Given records
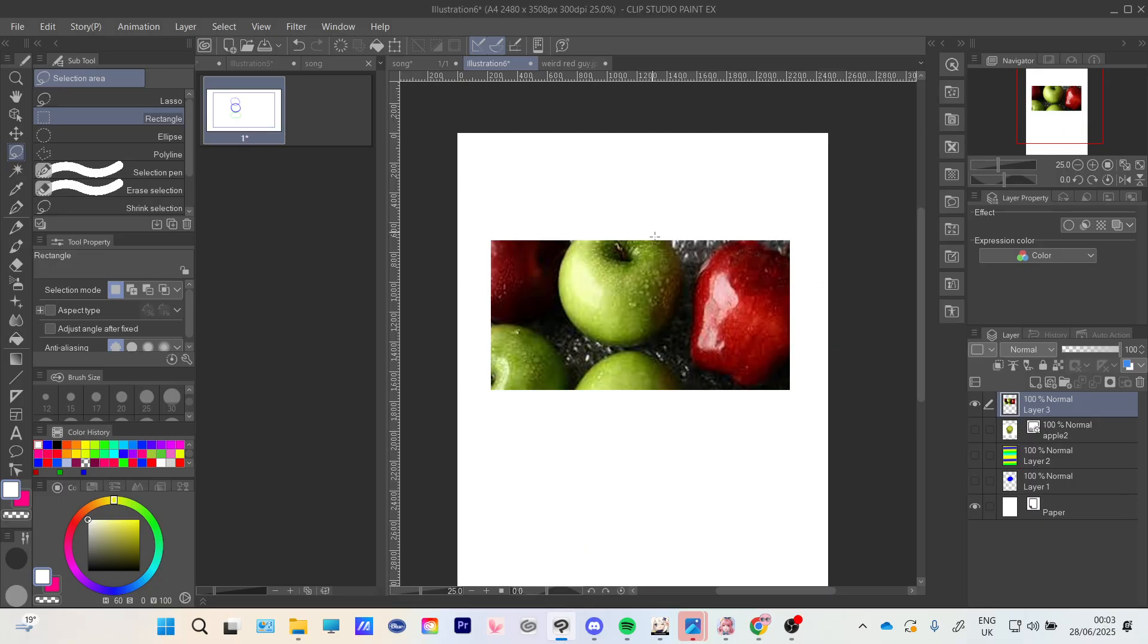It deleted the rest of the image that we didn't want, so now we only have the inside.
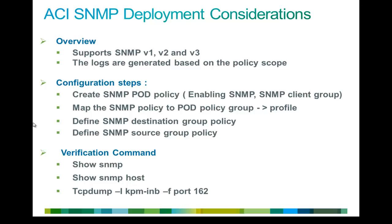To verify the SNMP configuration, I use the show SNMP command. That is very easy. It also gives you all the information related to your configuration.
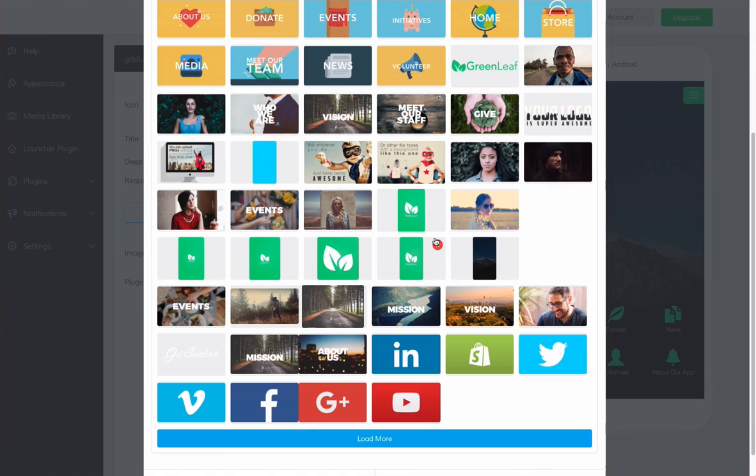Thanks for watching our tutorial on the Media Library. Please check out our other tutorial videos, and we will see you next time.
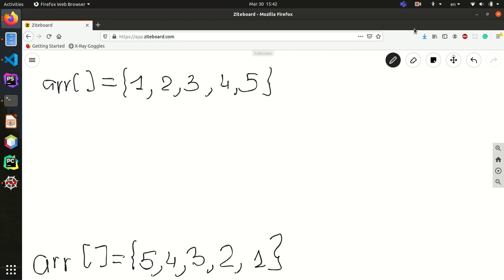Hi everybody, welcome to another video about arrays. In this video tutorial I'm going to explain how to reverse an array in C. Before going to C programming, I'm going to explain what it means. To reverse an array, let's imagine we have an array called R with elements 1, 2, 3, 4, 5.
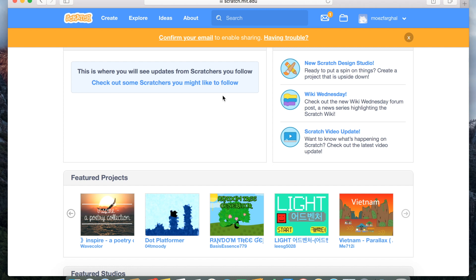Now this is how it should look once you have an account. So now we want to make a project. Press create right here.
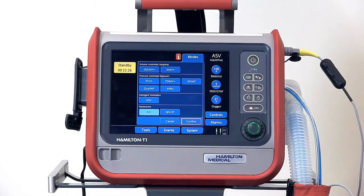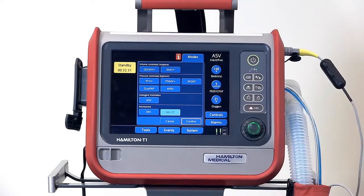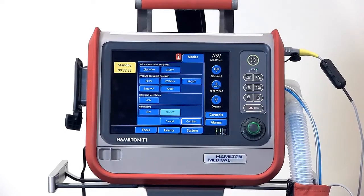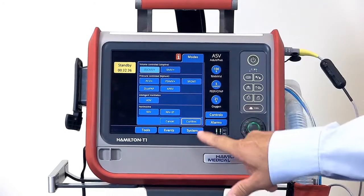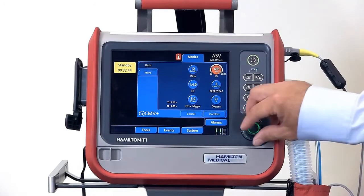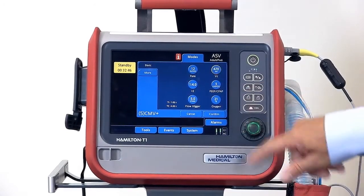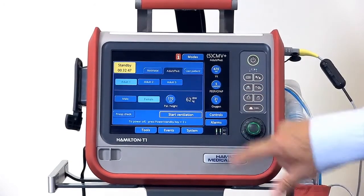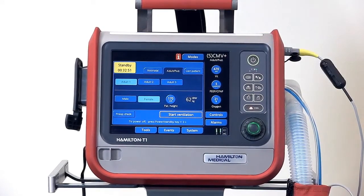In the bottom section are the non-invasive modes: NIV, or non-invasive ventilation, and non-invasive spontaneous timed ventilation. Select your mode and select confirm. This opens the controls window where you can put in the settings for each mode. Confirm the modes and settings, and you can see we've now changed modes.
---
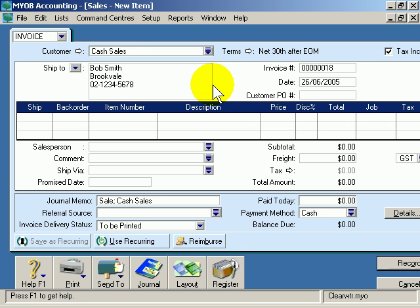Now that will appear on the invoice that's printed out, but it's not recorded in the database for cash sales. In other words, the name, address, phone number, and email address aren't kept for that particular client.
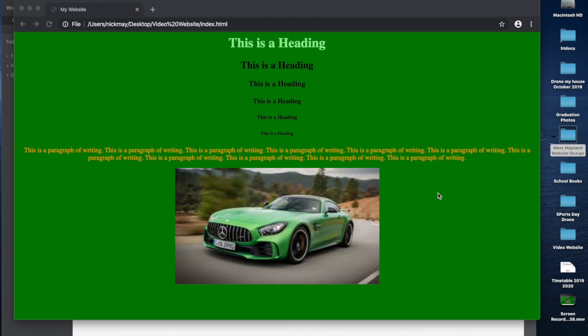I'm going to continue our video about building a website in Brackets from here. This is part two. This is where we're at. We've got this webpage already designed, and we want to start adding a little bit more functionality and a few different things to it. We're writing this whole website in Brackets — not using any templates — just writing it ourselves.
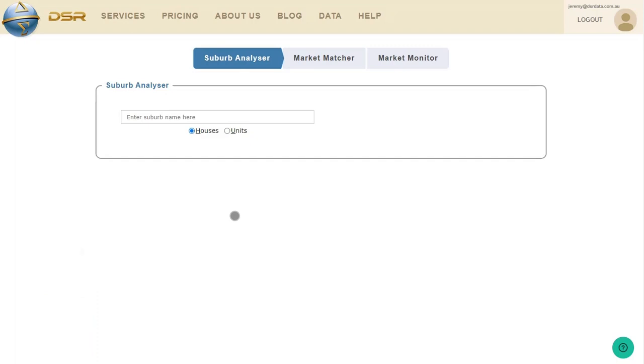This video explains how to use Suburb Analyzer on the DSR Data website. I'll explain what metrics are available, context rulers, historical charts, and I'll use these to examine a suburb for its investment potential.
==
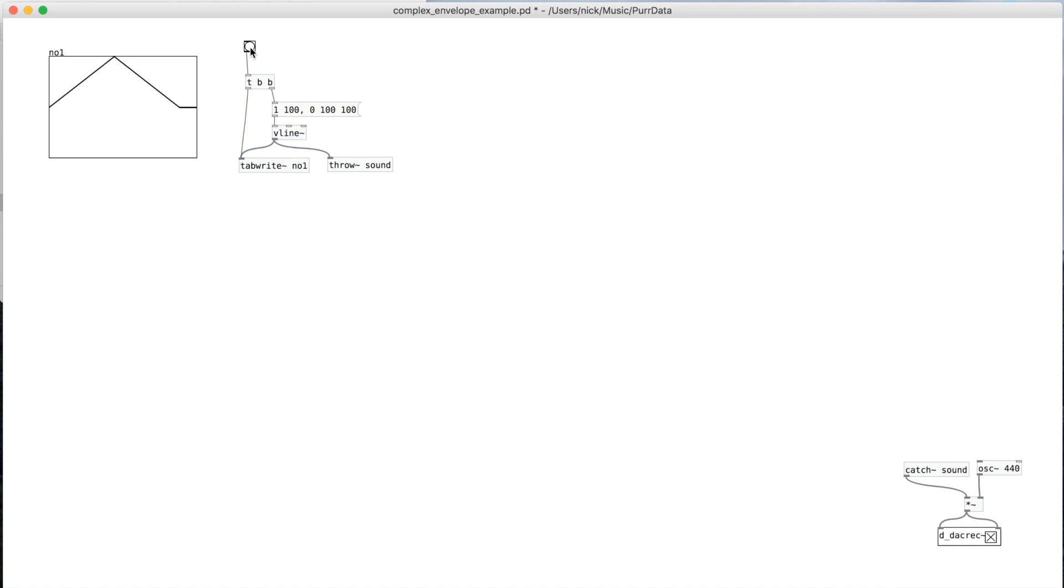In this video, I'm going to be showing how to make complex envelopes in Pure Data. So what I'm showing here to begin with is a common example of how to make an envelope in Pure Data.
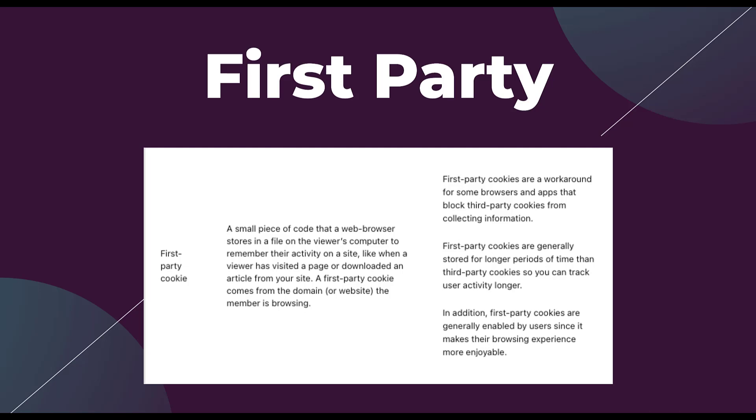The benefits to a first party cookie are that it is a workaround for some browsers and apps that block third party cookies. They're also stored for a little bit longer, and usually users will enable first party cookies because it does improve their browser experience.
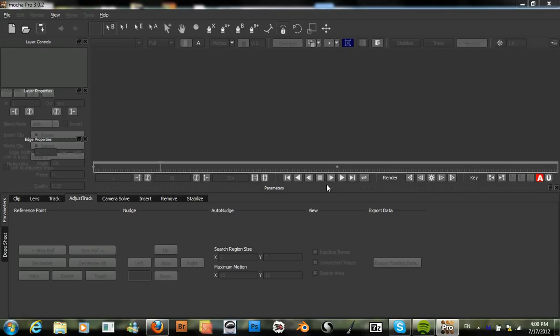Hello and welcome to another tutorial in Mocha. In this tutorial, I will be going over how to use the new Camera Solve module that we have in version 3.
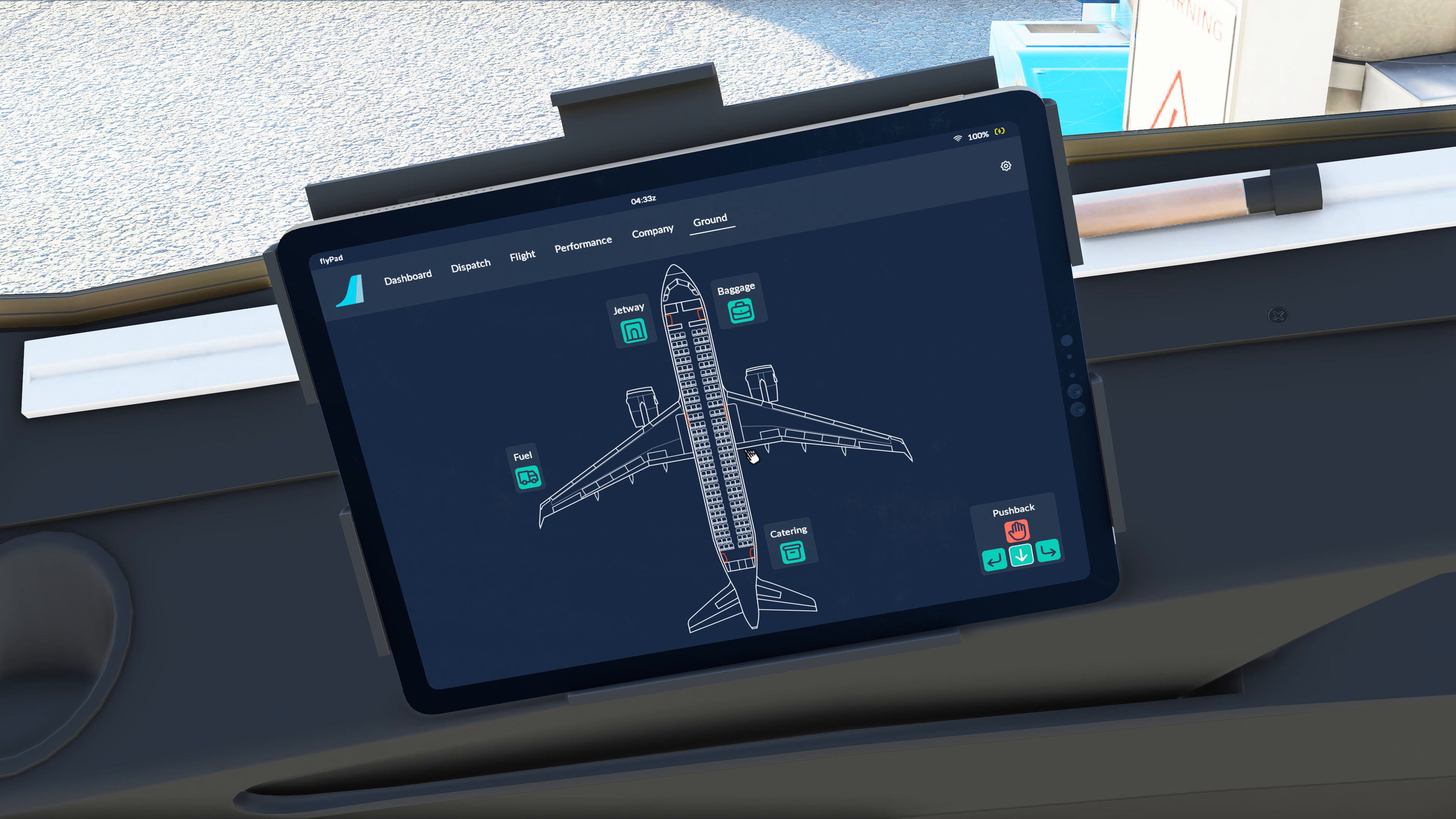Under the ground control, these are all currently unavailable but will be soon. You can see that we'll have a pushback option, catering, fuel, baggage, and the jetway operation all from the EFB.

Problem statement
Lines wanted from the entries above: the one with "Hi everybody, welcome", the one with "In the bottom", and all lines between. Please copy them exactly, without the pictures and without anything else.

Response
Hi everybody, welcome to another video about arrays. In this video tutorial I'm going to explain how to reverse an array in C. Before going to C programming, I'm going to explain what it means. To reverse an array, let's imagine we have an array called R with elements 1, 2, 3, 4, 5.
Now this is how it should look once you have an account. So now we want to make a project. Press create right here.
In the bottom section are the non-invasive modes: NIV, or non-invasive ventilation, and non-invasive spontaneous timed ventilation. Select your mode and select confirm. This opens the controls window where you can put in the settings for each mode. Confirm the modes and settings, and you can see we've now changed modes.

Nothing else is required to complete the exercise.